▸ TASK BRIEF
Work out how many lines of the listing below hold the word "White", and give that number only.

▸ MATERIAL FOR THIS TASK
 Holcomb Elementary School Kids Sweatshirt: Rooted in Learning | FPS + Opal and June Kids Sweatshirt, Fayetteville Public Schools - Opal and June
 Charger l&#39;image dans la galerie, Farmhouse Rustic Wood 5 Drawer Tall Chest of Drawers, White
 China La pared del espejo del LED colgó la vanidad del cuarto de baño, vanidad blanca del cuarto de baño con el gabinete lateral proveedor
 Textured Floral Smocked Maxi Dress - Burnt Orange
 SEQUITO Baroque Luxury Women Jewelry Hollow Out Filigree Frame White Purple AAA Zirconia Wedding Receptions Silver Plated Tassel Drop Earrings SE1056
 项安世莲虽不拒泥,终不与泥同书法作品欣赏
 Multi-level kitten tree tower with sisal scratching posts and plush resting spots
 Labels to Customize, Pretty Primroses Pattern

▸ EXERCISE OUTPUT
2